I was born in one of the wet, rainy estates of Assam known for its forests, tea, and unfortunately, little else. I have no memories of Assam, except the ones I have made up looking at old photographs repeatedly. Intrinsically, my love affair with Assam happened when we moved away; its culture and food remaining a big part of my youth.

We moved to Rajasthan, when I was two, and it is here where my earliest memories live. Known for its heat, palaces, spicy food, and folklore, Rajasthan is situated amidst a wide, inhospitable desert inhabited by antithetically warm, humble and hospitable people. There is something about these places, their decrepit grandeur and startling beauty that stays with you; and there’s something about their people, who find ways to survive and thrive despite mother nature’s barren, infertile deference. My memories, (fleeting as they are), are laced with half-forgotten sounds and smells of these places. I remember most of it through food, in fact, I relate to most life experiences through my taste buds. My love for cooking originated from trying to reproduce the taste of my mother’s cooking, or making vain attempts at constructing nostalgic meals using my olfactory senses.

When I was twelve, I was uprooted and brought to Kuwait. I say uprooted, because, at the time, it felt like separation from something familiar and promising. My formative years were just that, malleable, solitary and filled with awkwardness – mostly about myself. There is (obviously) a teaching moment here. Without the option of rebellion with any other vices, I turned to literature. And it was phantasmagorical. It was easy to forget about passive bullying and cliques and first-world problems when I was armed with Brontë. Reliving Kuwait has always been cathartic, insolvent and somewhat glorified. My favorite recollections date back to evenings when we would sit in our car, parked outside a local Shawarma/ Fatayer joint and eat incredible food in what can only be described as a religious experience. My father would gesture, using ridiculous sign language and broken Arabic numbers to the staff who would come by the window to take our orders.

Nevertheless, as defining as my teenage years were, nothing prepared me for Trichy.
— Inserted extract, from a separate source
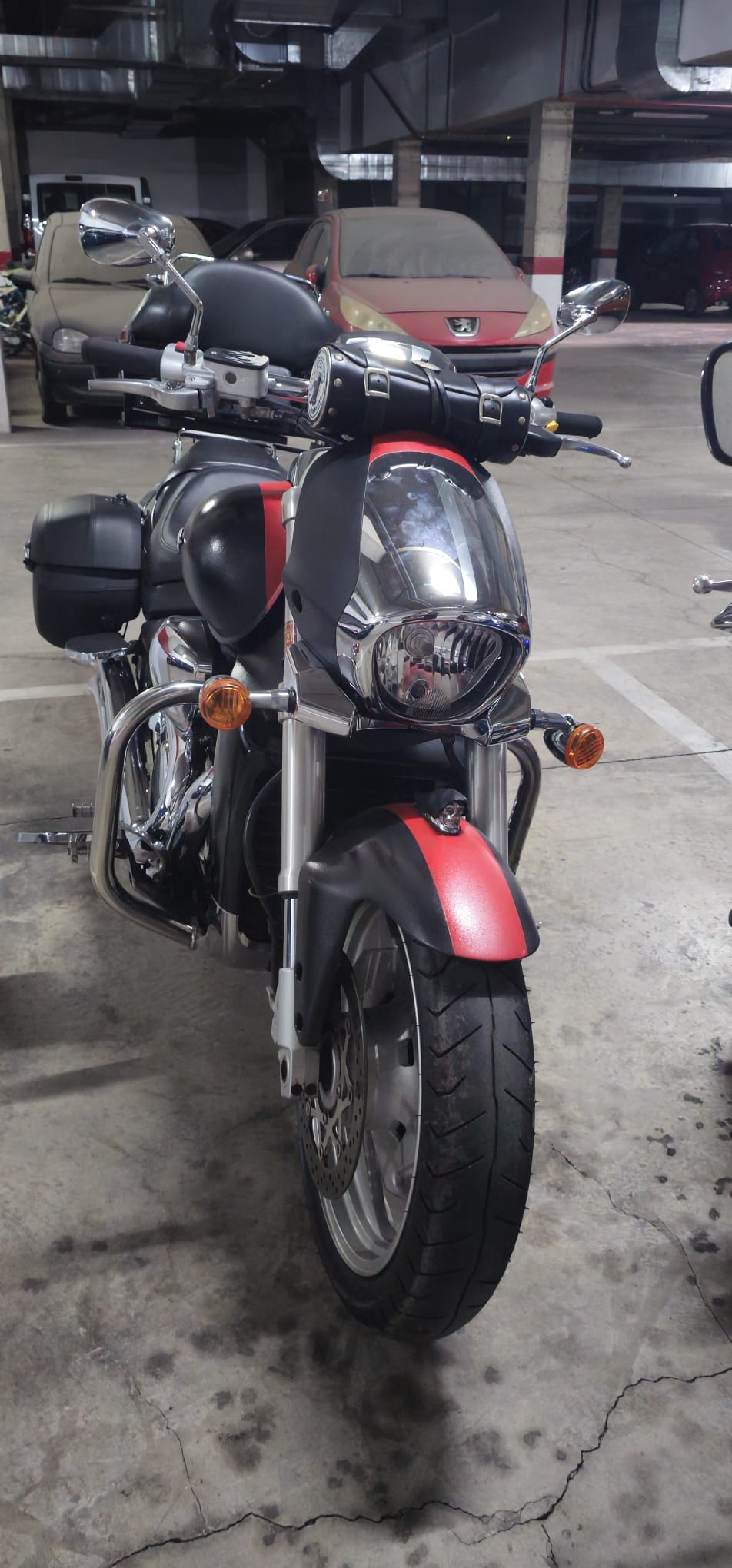 Motocicleta de estilo cruiser en un estacionamiento, con carrocería negra y detalles rojos, equipada con maleteros laterales y faros cromados, destacando sus llantas anchas y diseño robusto.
I moved back to India when I was 18, this time to a Southern state, for university. I’ve tried explaining Trichy to A, and fallen short, several times. I even took him back, but it wasn’t the same. It is unfortunate that I can’t describe it, because that experience had a colossal impact on me, one that I didn’t realize until about 5 years after I graduated. It was my place of firsts. I lived first-hand through almost every complex emotion known to mankind in those 4 years. I suppose it is like that for everyone. You get restless, fearless and look life in the eye for the very first time. Aside from all the internal metamorphosis, Trichy not only sponsored my wanderlust, it also gave me an appetite for art. The food scene was consistently bad, making us creative and adventurous in our search for good food. I’m yet to find food as good as some shady joints in the far corners of Tiruchirappalli.

Cut to Toronto. I call it home because I finally get that feeling after all these years, when the plane touches down on the runway – I sigh, and think, “I’m home”. It is here that I realized that living is a hectic, unctuous thing. Thankfully, I had a deus ex machina who nudged me into living slowly and breathing even slower. Things take on a sensual quality, the slower you do them. When I’m not at work, you’ll find me pursuing light behind the lens, chasing my breath at a Yoga class, developing flavors in my kitchen or trying to persuade A to go to a Farmer’s market or Flea market with me (or Anthropologie, whatever).